長崎市の観光施設で、設備の故障が相次いでいます。市は、11日(木)に開会する6月定例会に、改修や新調にかかる費用を盛り込んだ予算案を提案する予定です。
鈴木長崎市長:
「観光関係を含め、施設に関する故障が何件か発生しているところでございます」
長崎ペンギン水族館では、4月中旬、ペンギンの展示室の室温を8℃程度に保つ冷却装置2基のうち1基が故障し、動かなくなりました。装置は設置から25年経ち、冷却ガスが通る金属管が経年劣化で破損していたことが故障の原因とみられています。市は、装置の更新と故障対策に5600万円余りを計上します。
また、部品の摩耗による緊急停止が相次ぎ、4月から運休している稲佐山スロープカーは、10月末まで工事を行う予定で、再開時期は未定です。客足が増えるお盆とシルバーウィーク、6月8日から約1カ月のロープウェイの定期点検期間は、代替輸送手段として無料のシャトルバスを運行し、予算は約5500万円です。
一方、ロープウェイは、今年4月の落雷でゴンドラを動かす装置の回路が故障。現在、予備回路で運行していますが、10月に修繕する予定で、1980万円を計上しています。

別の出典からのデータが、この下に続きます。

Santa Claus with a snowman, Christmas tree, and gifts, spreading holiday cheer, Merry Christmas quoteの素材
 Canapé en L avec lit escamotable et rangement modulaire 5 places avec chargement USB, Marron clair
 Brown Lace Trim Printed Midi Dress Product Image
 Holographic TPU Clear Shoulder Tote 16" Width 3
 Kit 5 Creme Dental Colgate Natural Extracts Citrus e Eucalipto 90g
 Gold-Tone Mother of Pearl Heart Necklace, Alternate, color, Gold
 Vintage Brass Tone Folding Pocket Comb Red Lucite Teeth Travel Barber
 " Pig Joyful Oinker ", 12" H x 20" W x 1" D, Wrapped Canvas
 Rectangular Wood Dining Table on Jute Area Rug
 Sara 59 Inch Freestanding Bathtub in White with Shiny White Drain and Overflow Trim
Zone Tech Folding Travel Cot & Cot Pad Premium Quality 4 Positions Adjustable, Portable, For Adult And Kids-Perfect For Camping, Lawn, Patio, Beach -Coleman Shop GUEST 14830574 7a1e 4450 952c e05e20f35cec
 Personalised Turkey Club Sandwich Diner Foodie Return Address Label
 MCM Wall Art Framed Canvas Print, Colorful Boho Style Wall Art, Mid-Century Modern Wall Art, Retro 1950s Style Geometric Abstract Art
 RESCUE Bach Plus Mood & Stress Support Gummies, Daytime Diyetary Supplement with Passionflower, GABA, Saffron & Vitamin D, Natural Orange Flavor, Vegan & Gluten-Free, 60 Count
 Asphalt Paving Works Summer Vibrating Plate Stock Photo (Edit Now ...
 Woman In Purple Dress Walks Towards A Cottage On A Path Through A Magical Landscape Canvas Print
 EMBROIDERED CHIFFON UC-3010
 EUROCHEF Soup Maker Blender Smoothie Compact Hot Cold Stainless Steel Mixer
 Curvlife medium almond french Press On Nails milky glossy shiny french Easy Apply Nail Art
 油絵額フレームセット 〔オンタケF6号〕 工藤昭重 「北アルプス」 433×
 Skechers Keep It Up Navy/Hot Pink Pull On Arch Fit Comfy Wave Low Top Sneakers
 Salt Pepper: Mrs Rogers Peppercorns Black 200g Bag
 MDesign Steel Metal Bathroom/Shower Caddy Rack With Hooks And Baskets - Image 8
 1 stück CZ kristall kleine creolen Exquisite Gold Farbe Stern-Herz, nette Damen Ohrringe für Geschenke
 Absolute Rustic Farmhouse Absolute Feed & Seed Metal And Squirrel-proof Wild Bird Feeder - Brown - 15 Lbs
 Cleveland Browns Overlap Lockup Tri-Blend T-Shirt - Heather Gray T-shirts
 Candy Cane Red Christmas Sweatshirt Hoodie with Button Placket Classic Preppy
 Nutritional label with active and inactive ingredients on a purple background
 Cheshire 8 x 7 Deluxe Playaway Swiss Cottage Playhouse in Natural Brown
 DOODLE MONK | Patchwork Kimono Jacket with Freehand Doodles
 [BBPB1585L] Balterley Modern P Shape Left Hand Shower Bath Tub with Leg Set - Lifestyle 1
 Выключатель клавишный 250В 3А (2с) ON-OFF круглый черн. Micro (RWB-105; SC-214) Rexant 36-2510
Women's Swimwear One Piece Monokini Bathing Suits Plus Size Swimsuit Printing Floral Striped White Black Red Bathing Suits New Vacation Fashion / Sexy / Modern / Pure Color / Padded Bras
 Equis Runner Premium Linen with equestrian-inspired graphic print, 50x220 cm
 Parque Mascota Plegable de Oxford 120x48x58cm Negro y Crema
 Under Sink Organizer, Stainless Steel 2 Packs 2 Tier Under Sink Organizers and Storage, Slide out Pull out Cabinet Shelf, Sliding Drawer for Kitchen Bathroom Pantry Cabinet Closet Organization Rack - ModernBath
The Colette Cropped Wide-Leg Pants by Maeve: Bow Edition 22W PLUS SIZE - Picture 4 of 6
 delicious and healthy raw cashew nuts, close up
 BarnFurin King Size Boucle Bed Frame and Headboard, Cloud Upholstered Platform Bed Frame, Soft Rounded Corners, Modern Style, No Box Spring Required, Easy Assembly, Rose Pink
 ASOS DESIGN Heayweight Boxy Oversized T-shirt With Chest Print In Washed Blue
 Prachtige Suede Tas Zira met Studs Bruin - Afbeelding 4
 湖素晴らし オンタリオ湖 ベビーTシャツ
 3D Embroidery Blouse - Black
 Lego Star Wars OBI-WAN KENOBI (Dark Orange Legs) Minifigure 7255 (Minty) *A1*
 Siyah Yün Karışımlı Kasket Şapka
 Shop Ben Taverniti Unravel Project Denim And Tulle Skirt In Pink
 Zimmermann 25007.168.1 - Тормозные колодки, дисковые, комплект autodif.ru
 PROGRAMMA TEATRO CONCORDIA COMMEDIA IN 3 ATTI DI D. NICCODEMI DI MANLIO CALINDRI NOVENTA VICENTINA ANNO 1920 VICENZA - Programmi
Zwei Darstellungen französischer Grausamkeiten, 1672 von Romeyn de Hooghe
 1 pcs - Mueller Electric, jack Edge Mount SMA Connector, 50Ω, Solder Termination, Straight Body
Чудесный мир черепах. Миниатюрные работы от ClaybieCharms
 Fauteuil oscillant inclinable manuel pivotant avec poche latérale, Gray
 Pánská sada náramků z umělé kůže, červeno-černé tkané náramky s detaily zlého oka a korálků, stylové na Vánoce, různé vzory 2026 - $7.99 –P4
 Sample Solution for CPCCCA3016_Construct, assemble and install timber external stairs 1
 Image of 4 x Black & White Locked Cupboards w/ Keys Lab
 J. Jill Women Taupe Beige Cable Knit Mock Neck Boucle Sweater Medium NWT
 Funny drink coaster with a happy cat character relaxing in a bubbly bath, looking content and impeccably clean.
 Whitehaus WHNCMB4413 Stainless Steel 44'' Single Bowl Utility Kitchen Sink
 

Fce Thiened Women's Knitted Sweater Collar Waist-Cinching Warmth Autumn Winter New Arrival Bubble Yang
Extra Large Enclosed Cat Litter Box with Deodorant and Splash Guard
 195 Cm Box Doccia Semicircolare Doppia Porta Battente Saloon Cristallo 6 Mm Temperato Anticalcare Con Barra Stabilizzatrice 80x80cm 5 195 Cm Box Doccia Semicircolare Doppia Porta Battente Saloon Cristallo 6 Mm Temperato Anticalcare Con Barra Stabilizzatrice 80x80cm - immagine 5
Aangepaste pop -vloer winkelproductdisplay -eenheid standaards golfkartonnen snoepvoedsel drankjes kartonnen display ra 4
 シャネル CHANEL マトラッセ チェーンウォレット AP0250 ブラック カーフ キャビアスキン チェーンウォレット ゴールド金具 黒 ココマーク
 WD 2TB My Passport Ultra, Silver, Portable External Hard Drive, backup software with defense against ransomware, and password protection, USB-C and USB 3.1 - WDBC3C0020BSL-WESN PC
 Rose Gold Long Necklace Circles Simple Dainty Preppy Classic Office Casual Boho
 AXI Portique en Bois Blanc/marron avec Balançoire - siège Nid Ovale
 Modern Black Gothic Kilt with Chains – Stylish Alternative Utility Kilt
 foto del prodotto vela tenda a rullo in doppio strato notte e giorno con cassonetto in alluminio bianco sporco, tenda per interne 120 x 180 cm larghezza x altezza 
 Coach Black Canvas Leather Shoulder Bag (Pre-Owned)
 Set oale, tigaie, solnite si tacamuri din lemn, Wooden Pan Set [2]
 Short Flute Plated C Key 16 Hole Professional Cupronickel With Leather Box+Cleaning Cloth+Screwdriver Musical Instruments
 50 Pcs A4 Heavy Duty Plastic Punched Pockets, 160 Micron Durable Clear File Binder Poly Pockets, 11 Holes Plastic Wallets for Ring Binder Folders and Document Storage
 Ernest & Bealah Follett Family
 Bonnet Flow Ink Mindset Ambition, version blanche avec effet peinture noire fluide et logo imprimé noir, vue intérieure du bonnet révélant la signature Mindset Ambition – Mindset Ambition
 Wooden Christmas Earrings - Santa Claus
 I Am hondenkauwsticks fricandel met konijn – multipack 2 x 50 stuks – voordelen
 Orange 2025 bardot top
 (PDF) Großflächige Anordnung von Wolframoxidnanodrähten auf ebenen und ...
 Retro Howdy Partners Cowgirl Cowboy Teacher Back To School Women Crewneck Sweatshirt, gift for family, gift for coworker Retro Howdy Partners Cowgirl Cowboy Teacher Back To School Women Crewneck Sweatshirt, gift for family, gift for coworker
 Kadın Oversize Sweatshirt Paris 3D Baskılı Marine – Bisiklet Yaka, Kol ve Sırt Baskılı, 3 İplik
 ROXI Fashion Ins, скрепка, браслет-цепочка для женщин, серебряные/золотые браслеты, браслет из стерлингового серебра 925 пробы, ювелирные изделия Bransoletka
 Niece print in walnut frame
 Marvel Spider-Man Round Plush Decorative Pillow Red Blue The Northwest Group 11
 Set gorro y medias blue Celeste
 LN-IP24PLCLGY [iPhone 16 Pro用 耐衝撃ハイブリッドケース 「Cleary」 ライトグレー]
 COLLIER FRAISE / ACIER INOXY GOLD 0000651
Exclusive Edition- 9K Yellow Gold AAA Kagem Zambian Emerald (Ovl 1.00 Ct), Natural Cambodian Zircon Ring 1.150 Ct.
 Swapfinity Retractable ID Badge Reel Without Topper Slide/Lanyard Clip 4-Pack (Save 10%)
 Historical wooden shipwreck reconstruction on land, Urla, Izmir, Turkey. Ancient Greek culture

5月は、原爆資料館のエレベーターで利用者の閉じ込めなど停止事案が2度起きるなど、不具合が相次いでいて、市は改めて設備の維持管理の徹底などを各部署に文書で周知するとしています。
鈴木長崎市長:
「市民の皆様の、長崎を訪れる人の安心安全をしっかり確保する。訪れる皆様の印象にもつながってくると思いますので、影響が最小限になるよう市として努めてまいりたいと思います」
6月議会には、総額1億7900万円あまりの一般会計補正予算案を提案し、そのうちペンギンの命などに関わる関連予算は議会初日に上程、審査し、承認される見通しです。